But let us not get too distracted by all the art junk. What S'tan and Hatches are really responding to (and with), and Daddy as well, are the lives they lived, in and around the EV scene at that time.
It is a short story of Proust's, where he re-animates Flaubert's Bouvard and Pecochet as irredeemable pedants who are set on a sentimental education (or re-education) of Parisian society... something like that.

The 2 complain often about the 'new art' which then consisted of Symbolists and other Decadent thralls... Here is another nice quote for you. One of the pedants is fancifully addressing Wagner:

"Your music, sir, is full of monsters, and all one can do is -- keep inventing. In nature herself, the mother of simplicity, you only like the horrible. And hasn't M. Delafosse written a melody on the bat? Why doesn't he choose some nice bird?"

Thank you for remembering that Paris reading story! It was not the last time I was driven into a closet.

Enough nitpicking. Now you and Troy have to actually go to the East Village Art show, and then get back on here and write a COMPLETE review.
We are waiting.
I remember the 80's and the east village and the junkies and everyone mentioned but I had enough sense at the time to stay in the west village with the rest of the fags.
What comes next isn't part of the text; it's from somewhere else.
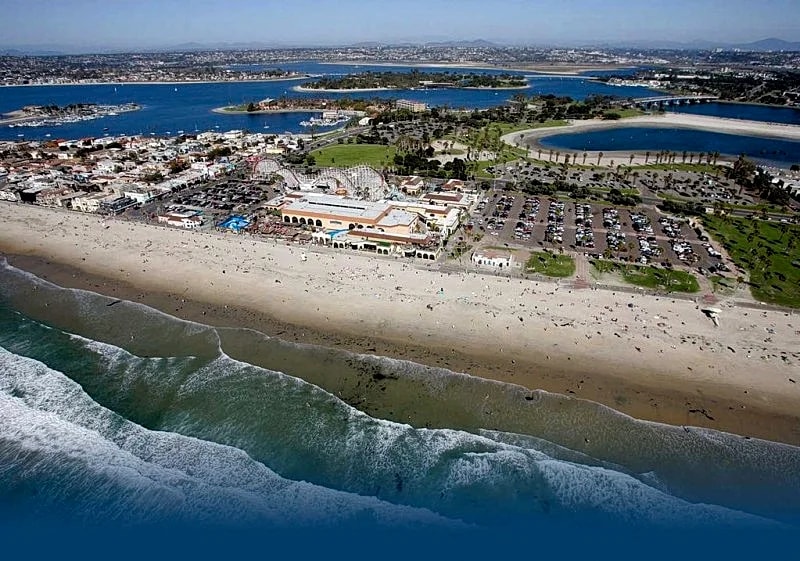 Tropical Retreat! 70 Steps to the Sand! in San Diego, California, United States — photo 2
Of course I can tell tales about lotsa dead people but I think I'll save it all for the book.

I still want to see the EV show when I am in NYC in Feb.
Hattie if you don't write that G.D. book I'm going to kill you!
(Oh wait, that's no good is it?)
I forgot about you at The Empire Diner.
And Monica Lynch... I had no idea.
When I moved to New York (to go to Art School) I was working at FOOD restaurant on Prince & Wooster Streets. (One of the three restaurants in the newly named SOHO district. There was The Broome Street Bar, The Spring Street Bar and Food on Price Street). We also used to feed artists. It was cool. Unlike you though Hattie, I am a fool and have lost most of the art that was given to me in exchange for soup. Once in a while I find something by Jack Smith or Ray Johnson shoved in book though. Oh well.

And Stan,
I so remember you and Duncan Hannah.
HOLY TERRORS!!!!!!!
And when Rene was added into the equation...
words cannot convey the evil.
It was gorgeous.
I was living with the notorious art critic Edit DeAk at the time (before I knew The Empress of course). She was, as was everyone at the time, scared to death of your "Evil Trilogy". (Later she teamed up with Rene). Edit was the first person to write about Grafitti Art (1974) She was the editor of ART-RITE Magazine and was the first person to write about...
well, everyone.
Hmmmmm
Where am I going with all this?
Who the hell knows.
This is a very hot topic though and I should stop rambling and let you guys discuss it intelligently.

I also agree with seven that The East Village Art scene would have LOVED to be as successful as the Soho scene. Pat Hearn wanted to be (and did become) Mary Boone.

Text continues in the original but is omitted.